TCU proves that the playoff is no closed shop
Horned Frogs came in from the cold to play for a national championship.
The four-team College Football Playoff was a long-promised ice cream cone. The men and women of the intelligentsia demanded it for years and eagerly swallowed the first one. After the sixth and seventh ones, they burped and demanded sprinkles.
Different critics had different reasons. Some of it was Saban-phobia. Some of it was fashionable boredom. It wasn’t the game’s fault. Alabama’s 44-40 gasper over Clemson, and then Tua Tagovailoa’s last-play bomb to Devonta Smith that beat Georgia, were probably two of the best five college games played in the past 25 years.

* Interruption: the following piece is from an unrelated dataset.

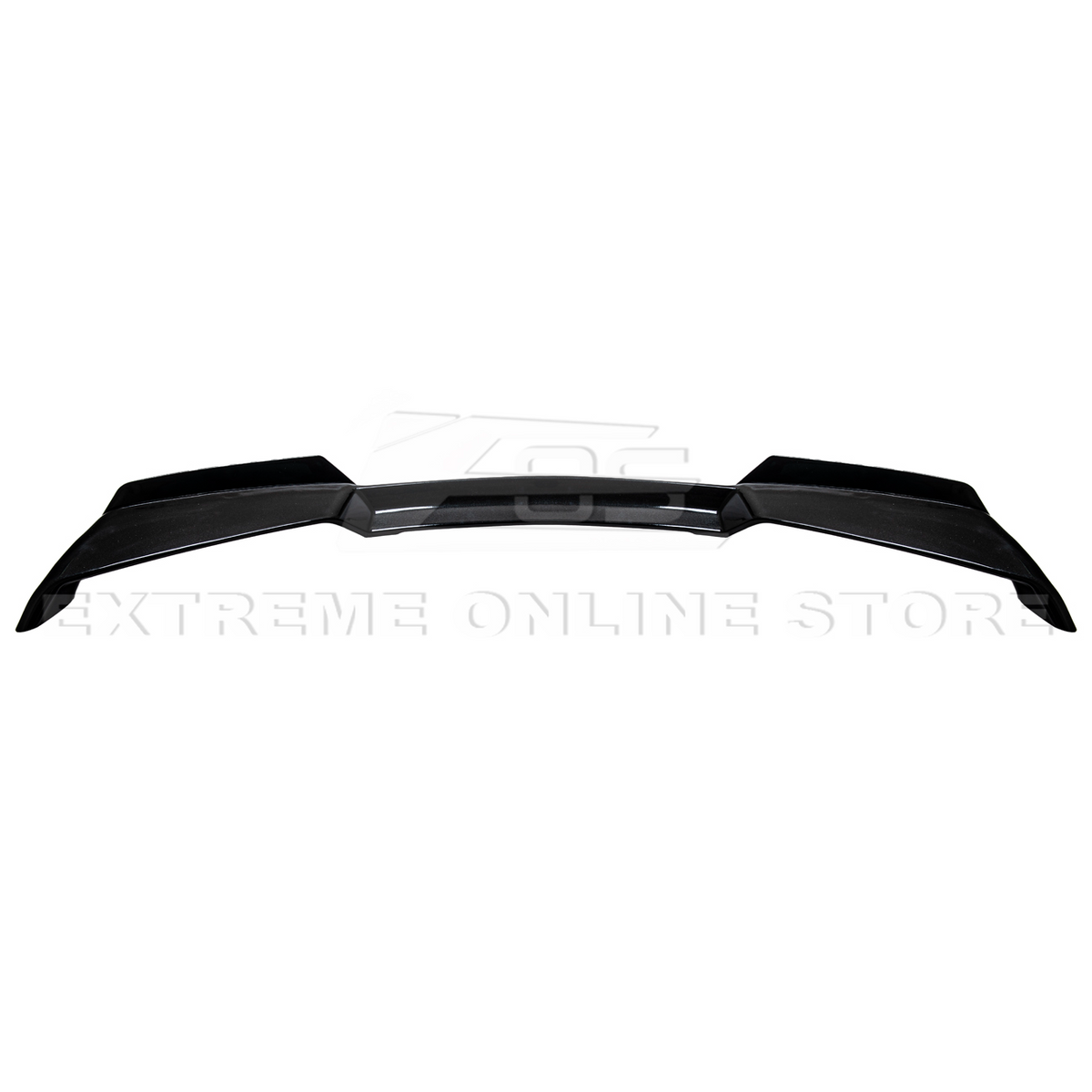 Z51 Wickerbill Package Corvette C8 Stingray Rear Trunk Spoiler image 39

Most of it was provincialism, an inability to handle the truth about Southeastern Conference superiority. Alabama, Georgia and LSU have all won CFP titles, and Tennessee, Florida and Auburn won them in the Bowl Alliance and BCS formats that replaced the popularity contests of the past. Clemson, which followed the SEC model and featured quarterbacks DeShaun Watson and Trevor Lawrence, became too familiar as well.
People said it was a closed shop, that all conference champs should be included, no matter how counterfeit. That is why the format will expand to 12 teams, year after next, and the urgency will be drained from the regular season, and frightful blowouts will litter the early playoff rounds.

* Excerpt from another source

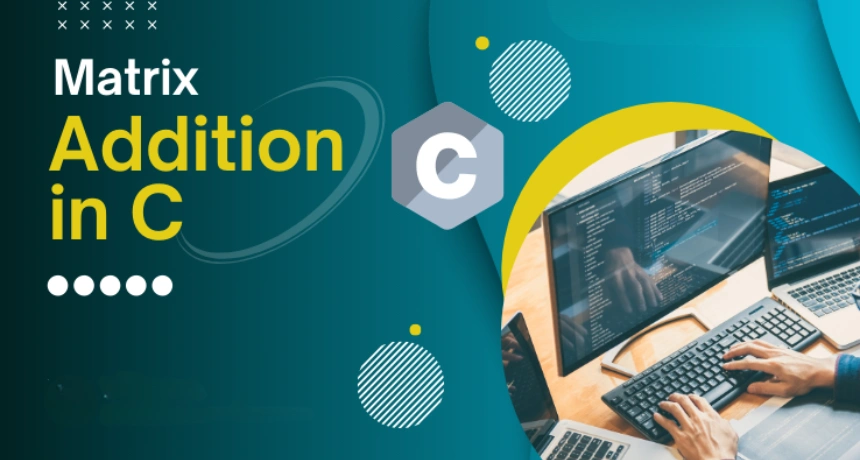 Matrix-Addition-in-C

And this is happening just as the nit-picking is being refuted by Purple People with an axe to grind.
Texas Christian was picked to finish seventh in the Big 12. At halftime of its opener at Colorado, which turned out to be perhaps the worst team in Pac-12 history, it trailed, 7-6.
On Monday night TCU will be among the last two standing. Maybe the Horned Frogs won’t stand very long against the defending champs from Georgia, but they started pretty close to the bottom, and they’re here.
If TCU can do this, then the system works fine.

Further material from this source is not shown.